It's been a while, (okay, a long while) since I've been to any sort of wild pagan celebration of the May. At my age, any personal fertility is long gone (and not missed), and I have no desire to cavort around midnight bonfires on hilltops in a celebration of the life force. I also think Robert Herrick's advice to the virgins (to make much of time) is pretty funny; he seems not to have realized that there are plenty of diems left to carpe even for us old folks. But this May is pretty spectacular, so after a long, cold, discontented winter, fertility is worth celebrating.
Given that I'm a fan of tall grass (and not a fan of mowing any more than absolutely necessary to keep the weed police off my back), our back yard is a favorite place for birds to seek nesting materials.
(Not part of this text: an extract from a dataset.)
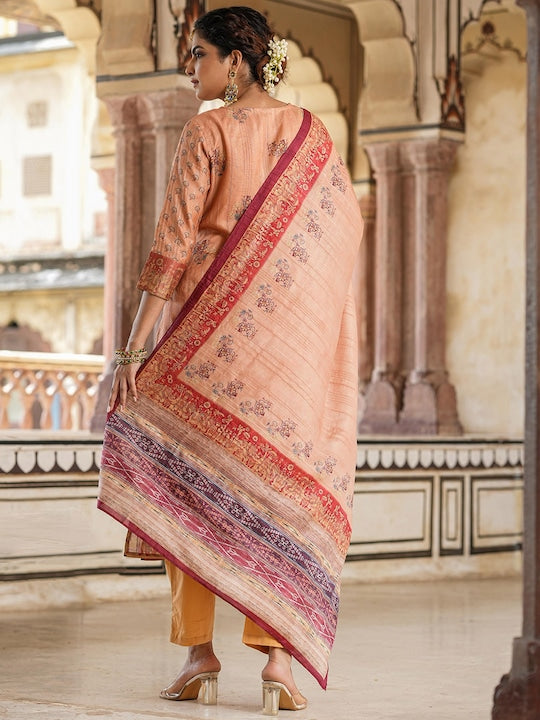 Scakhi Floral Printed Mirror Work Kurta With Trousers & Dupatta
The grackles are particularly funny as they leap up and down with their preferred pieces of whatever before finally deciding to fly off with their choice. With the amount of birdsong I'm hearing and the amount of birdseed going into the feeders, I suspect there is a fair amount of nest-building going on in our trees. The neighbor has already spotted a wren making use of her hanging birdhouse, so we are likely to have lots of activity on our block.
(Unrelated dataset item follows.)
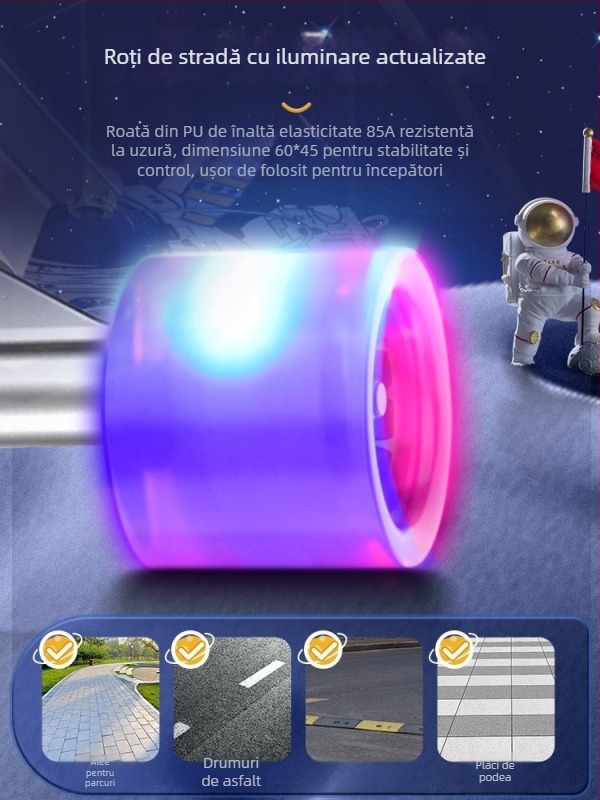 Skateboard SWAY, placă din artar cu șapte straturi, rocker dublu, utilizare generală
The Oriental poppies are wildly enthusiastic this year. Despite having their original soil covered up when the regrading was done last June, and despite (or perhaps because of?) the digging done for the foundation repair, they are now officially attempting to take over the entire front planting bed. Their outrageous orange blossoms are visible from the end of the street, and they display their fringed sexual parts in a most flagrant way--no subtlety about them, and they're gorgeous!
And the back yard is turning into a tree nursery. I had always read that any unmown field in these parts would attempt to rejoin the Great Eastern Forest, and I believe it. In the old dog run, in the shade garden where there's not enough grass to mow, in the meadow bed, and in the parts of the yard where mowing has not yet happened, we have quite a tree nursery. Of the species I can identify, we have seedlings of white oak, wild cherry, white pine, ash, sugar maple, sweet gum, crabapple, and LOTS of dogwood. What we'll do with them all, I don't know, but Mother Nature has decided to be profligate with the gift of trees this year.
Despite all the bad news about our planet, there's obviously life in the old girl yet.